The Day I Learned SQL Doesn’t Care About My Feelings

Vishnu Kainadan

Last Thursday, right after standup, one of our senior engineers walked over to my desk.

“Got an hour?” he asked.
“Let’s look at how queries actually run.”

No alarms. No urgency. Just curiosity.

What followed wasn’t a lecture or a code review.

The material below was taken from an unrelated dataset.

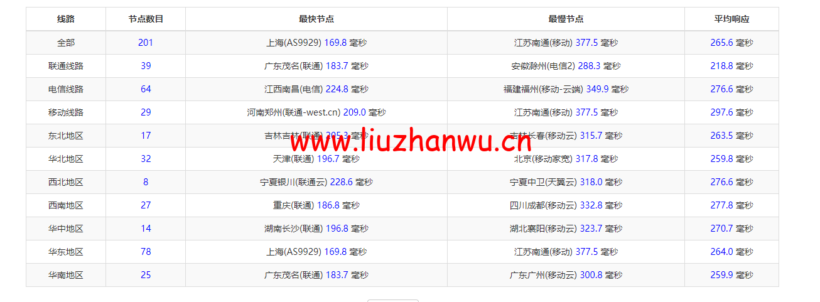 Vultr:波兰华沙机房云服务器测评2022:下载速度、速度延迟、路由丢包、性能测评、流媒体解锁等 90 1650117517 ping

It was a quiet, focused session—one of those conversations that subtly rewires how you think about a core tool you use every day.

We didn’t talk about syntax.
We didn’t talk about ORMs.

We talked about how the database thinks.

This is what I learned.

The Ghost in the Machine

What Is the Query Planner, Really?

When you write SQL, you’re not writing instructions—you’re writing a wish list.


SELECT *
FROM orders
WHERE customer_id = 42;

This doesn’t tell PostgreSQL how to find those rows.
It just says what you want.

The query planner is the invisible architect that figures out the how.

It evaluates multiple strategies:

Should I scan the whole table?
Should I use an index?
In what order should I join tables?

Then it picks the cheapest option based on:

Statistics
Row estimates
Available indexes

The Catch

The planner doesn’t always get it right.

It makes educated guesses using:

Outdated statistics
Incomplete information
Assumptions about data distribution

Two queries that look similar can behave very differently.


— Query A

SELECT *FROM users WHERE email = 'alice@example.com';

— Query B

SELECT * FROM users WHERE status = 'active';

If email has an index and status doesn’t:

Query A → instant
Query B → scans millions of rows

The planner knows this.
You need to know it too.

Key Insight
The planner is cost-based, not rule-based.
Having an index does not guarantee it’ll be used.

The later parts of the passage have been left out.